Die unsichtbare Kontrolle: Elektronische Tattoos lesen das Gehirn
Körper und Geist rücken in den Fokus der Hightech-Konzerne. Von Gedankensteuerung bis Gesundheitsüberwachung – drei aktuelle Entwicklungen zeigen, wie weit die Technik bereits vorgedrungen ist.
Ein elektronisches Tattoo, entwickelt von Forschern der University of Texas um Nanshu Lu, könnte die Überwachung menschlicher Gehirnströme alltagstauglich machen. Der ultradünne Sensor wird direkt auf die Haut geklebt und misst in Echtzeit Hirnsignale sowie Augenbewegungen. Einsatzmöglichkeiten reichen von der Stressüberwachung bei Piloten und medizinischem Personal bis zur Diagnose neurologischer Krankheiten oder der Steuerung von Prothesen.
Zukunftsvisionen sehen vor, dass selbst Gebärdensprache durch solche Tattoos in Text übersetzt wird. Gleichzeitig warnen Experten vor einem Überwachungsstaat im Arbeitsumfeld. Die Frage nach Eigentum an den eigenen Gehirndaten bleibt brisant – insbesondere, wenn Sensoren am Arbeitsplatz zur Normalität werden.

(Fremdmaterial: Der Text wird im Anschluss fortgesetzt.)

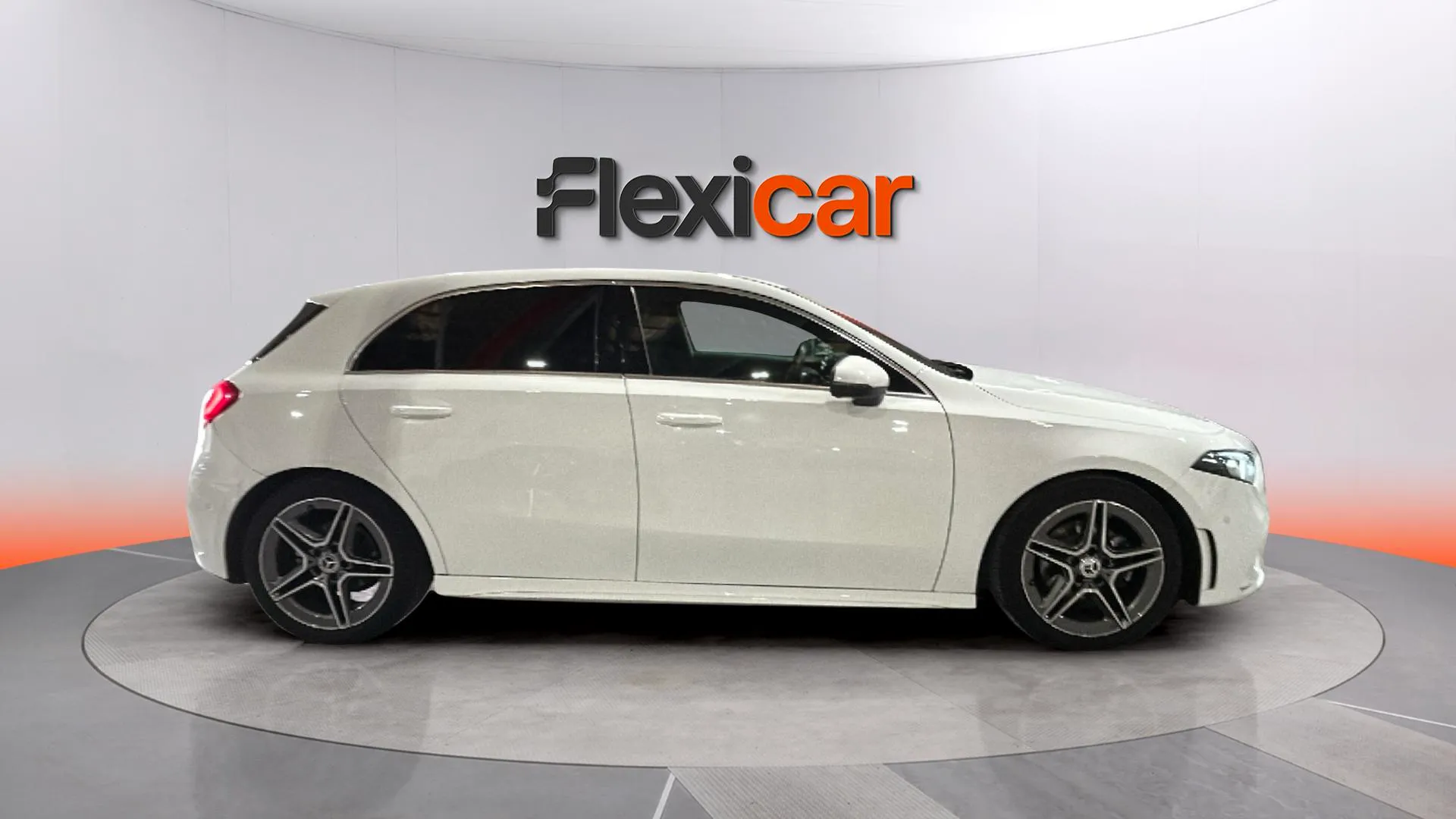 Mercedes-Benz Clase A A 180 d - foto 7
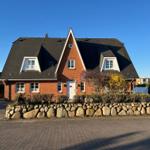 Frontansicht des Hauses mit Terrasse rechts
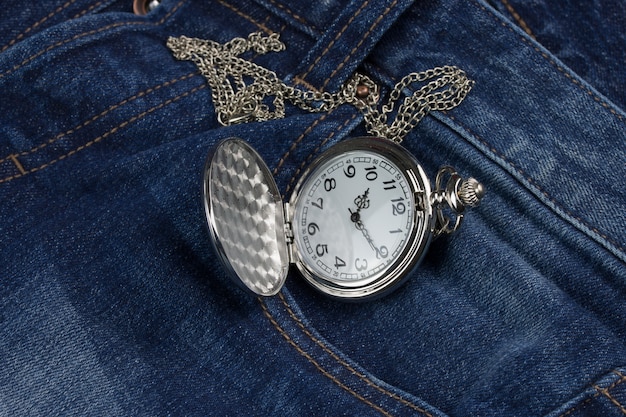 Orologio da taschino su blue jeans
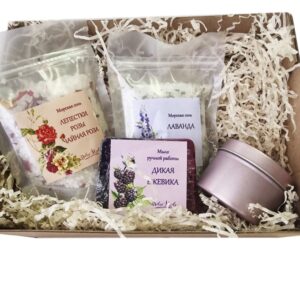 Набор подарочный: Аромасвеча, соль для ванны, мыло ручной работы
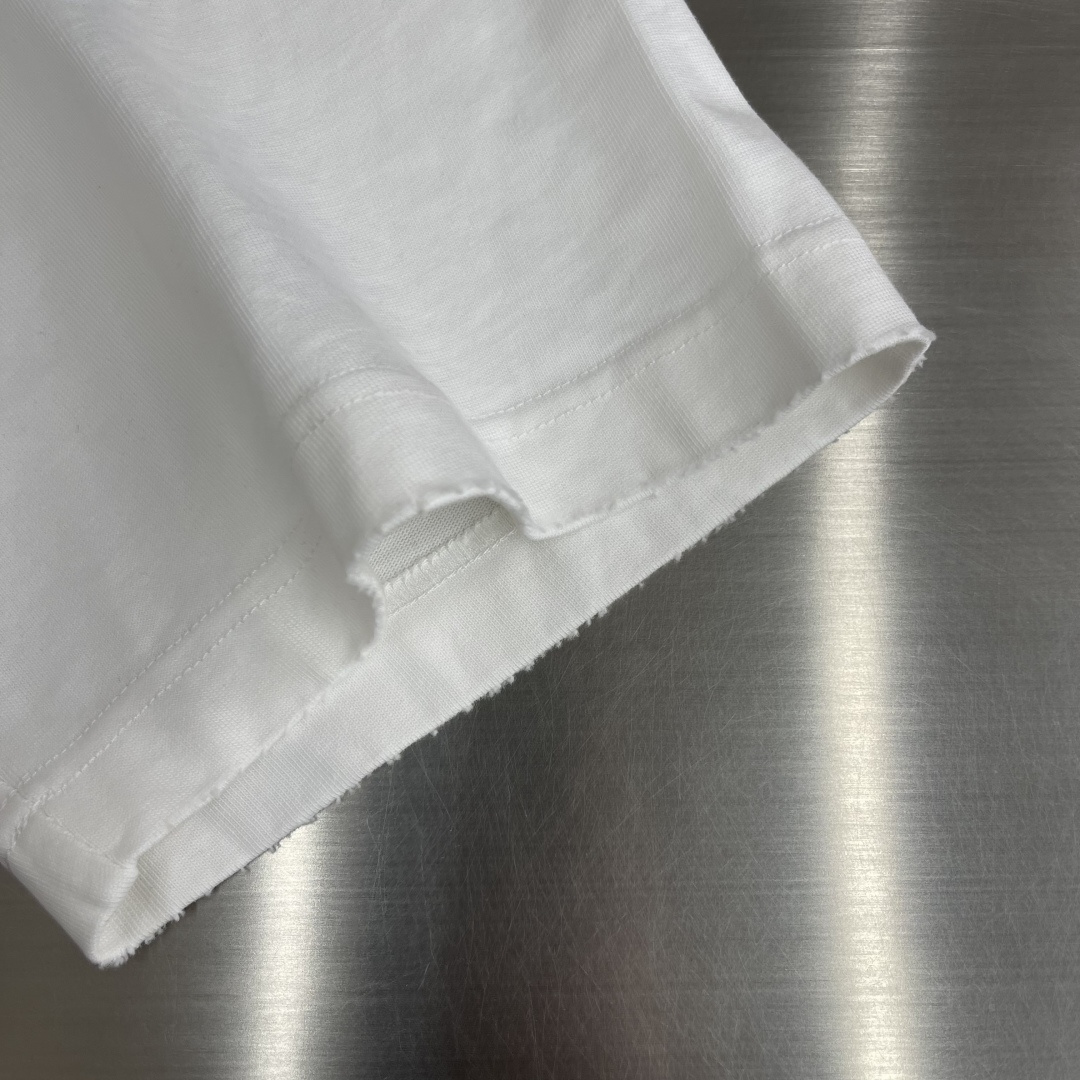 -Balenciag 2026SS春夏新品 经典珠管绣T恤，奢潮必备！甄选重磅精梳棉，软糯垂坠🌾、透气亲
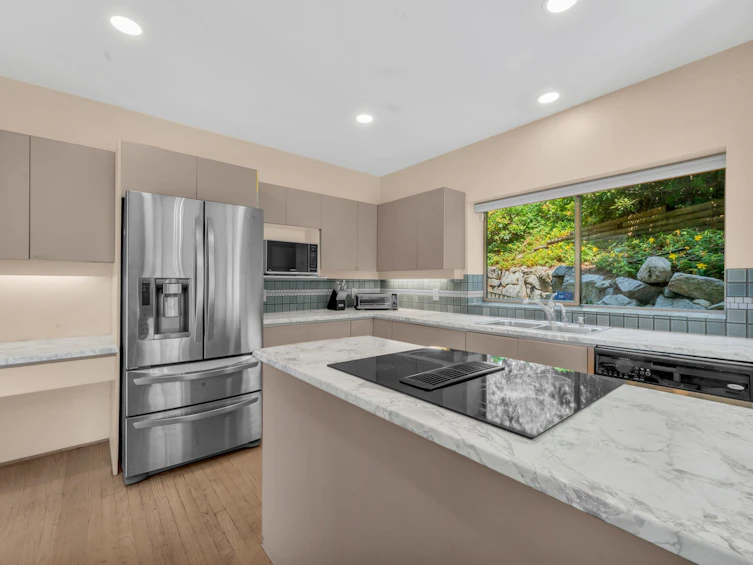4809 Northwood Place, West Vancouver, BC, V7S 3C5 - 9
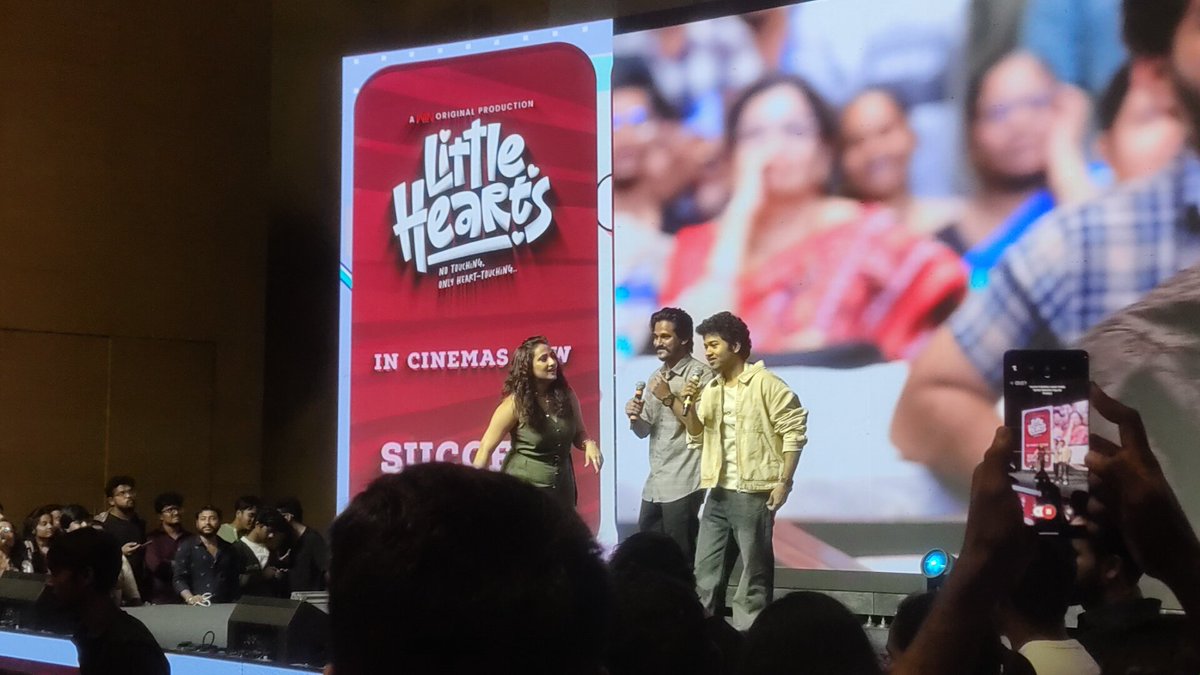 KeenContent's tweet photo. A little big heart moment for our founder @esharathgoudd anna and all our #KeenContent studio team.....

Performed our most trending song on stage with @Mouli_Talks and what else we can ask from a block buster team #littlehearts 🥳

Thank you @marthandsai 🫂❤️ https://t.co/2okTagqkua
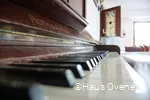 Klavier im Haus Oveney in Bochum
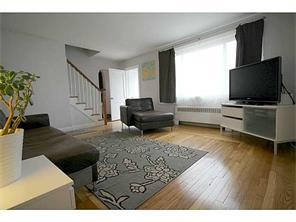 81 Warwick Rd, Pawtucket, RI 02861 photo 4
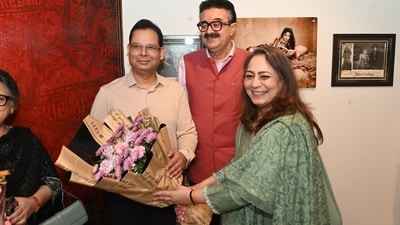 Collector Suboor Usmani with curator Vandana Sehgal and chief guest Navneet Sehgal in Lucknow (Photo: HT) Collector Suboor Usmani with curator Vandana Sehgal and chief guest Navneet Sehgal in Lucknow (Photo: HT)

USA schaffen Tierversuche in der Medikamentenentwicklung ab
Die US-Arzneimittelbehörde FDA kündigte einen radikalen Kurswechsel an: Tierversuche sollen künftig durch moderne Methoden ersetzt werden. Dazu gehören KI-gestützte Simulationen, Organ-on-a-Chip-Technologien sowie künstlich gezüchtete Mini-Organe, sogenannte Organoide.
Betroffen sind insbesondere innovative Arzneimittel wie monoklonale Antikörper und Eiweißstoffe gegen Krebs oder Autoimmunerkrankungen. Unternehmen können bereits jetzt Humanstudien beantragen, ohne vorher Tierversuche vorweisen zu müssen – ein entscheidender Schritt, um neue Therapien schneller und kosteneffizienter zu entwickeln. FDA-Kommissar Martin Makary spricht von einem „Paradigmenwechsel“, der nicht nur die Entwicklung beschleunigt, sondern auch das Leiden unzähliger Versuchstiere reduziert.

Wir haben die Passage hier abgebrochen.